With respect to the Soviet Union, the United States has repeatedly underlined the dangerous implications of the Indian resort to war and the Soviet responsibility to exercise restraint. The latest U.S. representation is an urgent personal letter3 which I sent to Secretary Brezhnev on December 6, 1971, which makes unequivocally clear that Indiaʼs aggression, with Soviet support, is unacceptable to the United States. I pointed out that the Indian forces, with Soviet backing, are attempting to impose political demands and dismember Pakistan, and that such actions run counter to the recent trend in Moscow–Washington relations. I called on the Soviet Union to use its influence in New Delhi to restore the territorial integrity of Pakistan and to halt military action. I stated that ‘it would be illusory to think that if India can somehow achieve its objectives by military action the issue will be closed.’ I said that, on the contrary, this ‘would long complicate the international situation and undermine the confidence’ of US-Soviet relations, having ‘an adverse effect on a whole range of other issues.’ I declared that such a turn of events would be a ‘painful disappointment’ and that the spirit in which the May meeting in Moscow was arranged requires ‘the utmost restraint and the most urgent action to end the conflict and restore territorial integrity in the Subcontinent.’
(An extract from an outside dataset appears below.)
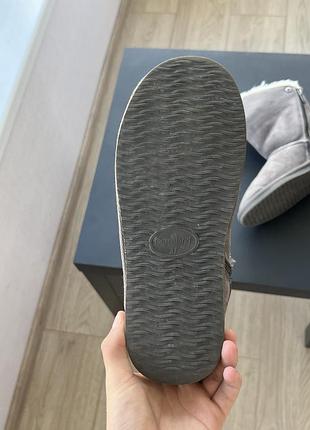 Уги   сірі 7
We shall continue to underline to both New Delhi and Moscow that their current actions cannot but have a seriously harmful impact on our relations with them.
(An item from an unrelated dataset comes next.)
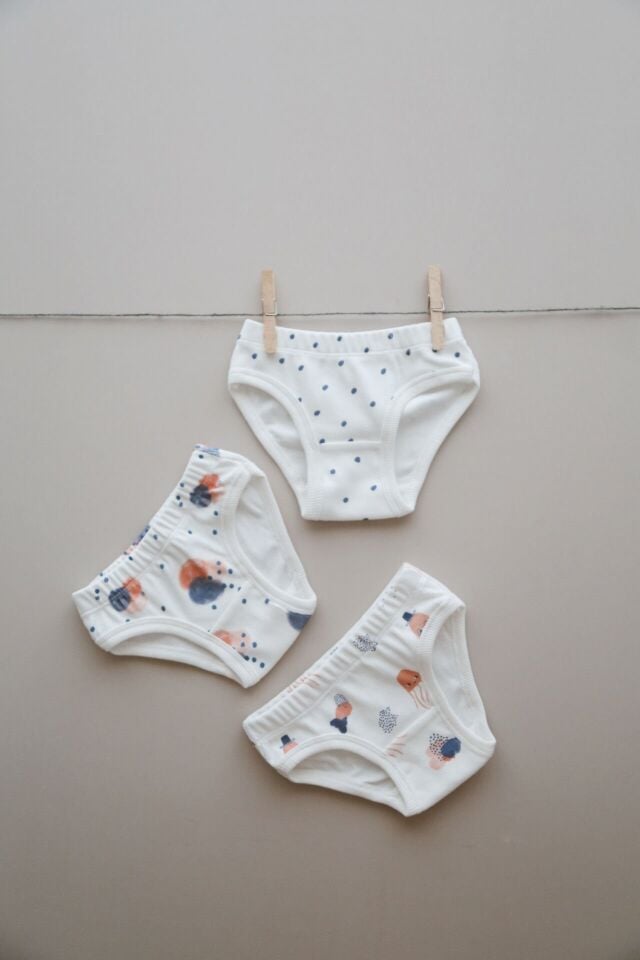 Pamuklu Kız Çocuk Slip Külot 3'lü Set Desenli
We are keeping the Peopleʼs Republic of China fully informed about the various measures we are taking in your support and have made clear that we welcome the strong efforts it is making in your behalf.

In my December 6 meeting with Canadian Prime Minister Trudeau I emphasized the grave implications of Indian actions and the need for peace, withdrawal of forces, territorial integrity, and political solutions in the subcontinent. I shall make equally strong representations in my upcoming meetings with the leaders of France, the United Kingdom, the Federal Republic of Germany, and Japan.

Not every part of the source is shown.